The task >> For this exercise, copy the data exactly and omit any images.

Dataset section >>

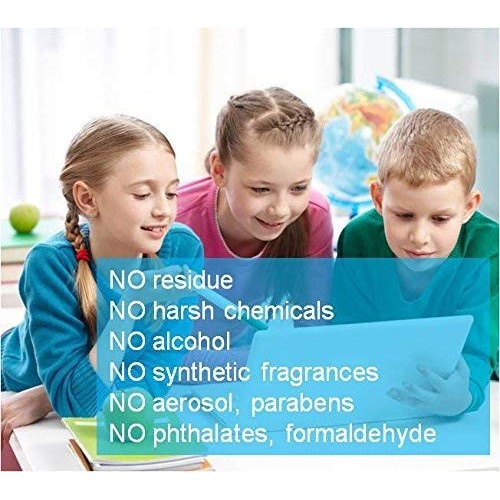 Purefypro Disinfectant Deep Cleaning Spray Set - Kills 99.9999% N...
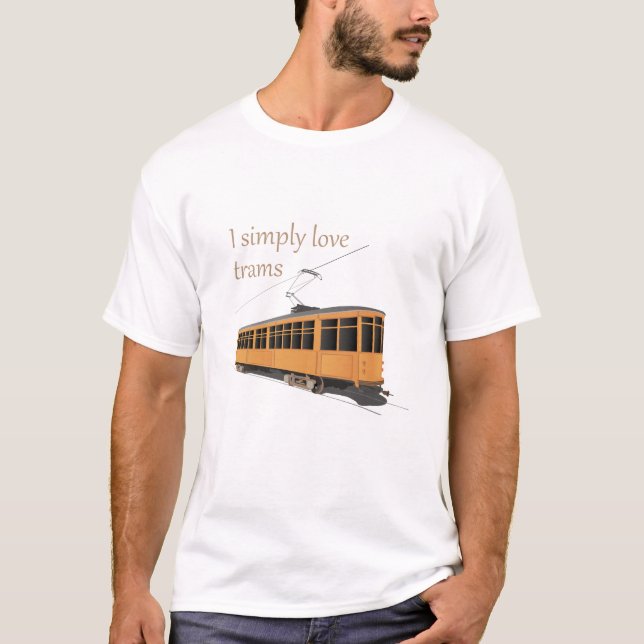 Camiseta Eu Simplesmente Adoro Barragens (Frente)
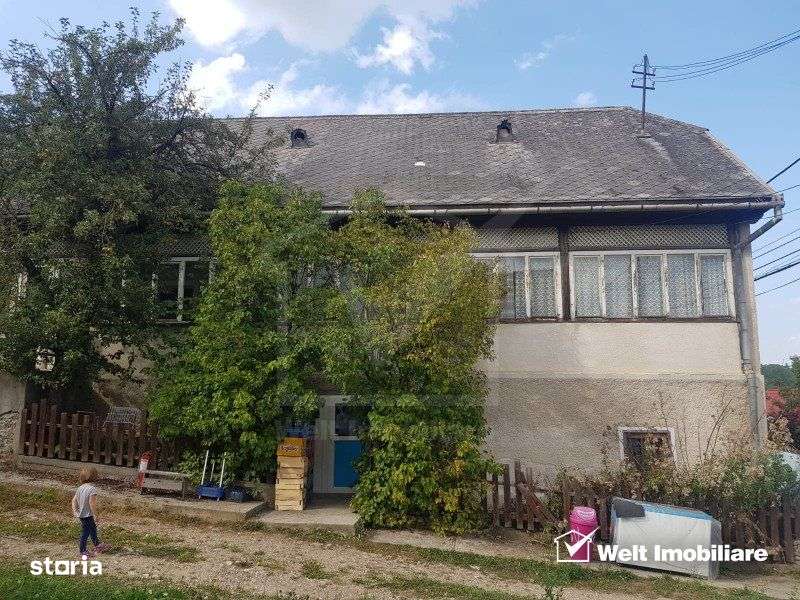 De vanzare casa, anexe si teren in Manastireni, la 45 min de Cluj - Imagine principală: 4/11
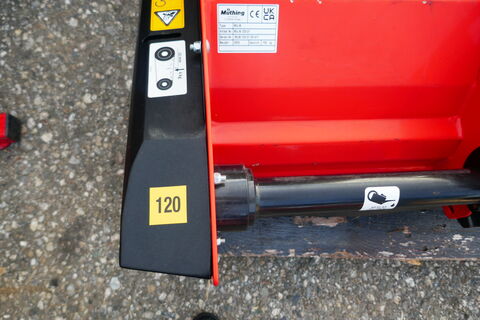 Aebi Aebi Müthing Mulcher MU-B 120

Response >>
 Purefypro Disinfectant Deep Cleaning Spray Set - Kills 99.9999% N...
 Camiseta Eu Simplesmente Adoro Barragens (Frente)
 De vanzare casa, anexe si teren in Manastireni, la 45 min de Cluj - Imagine principală: 4/11
 Aebi Aebi Müthing Mulcher MU-B 120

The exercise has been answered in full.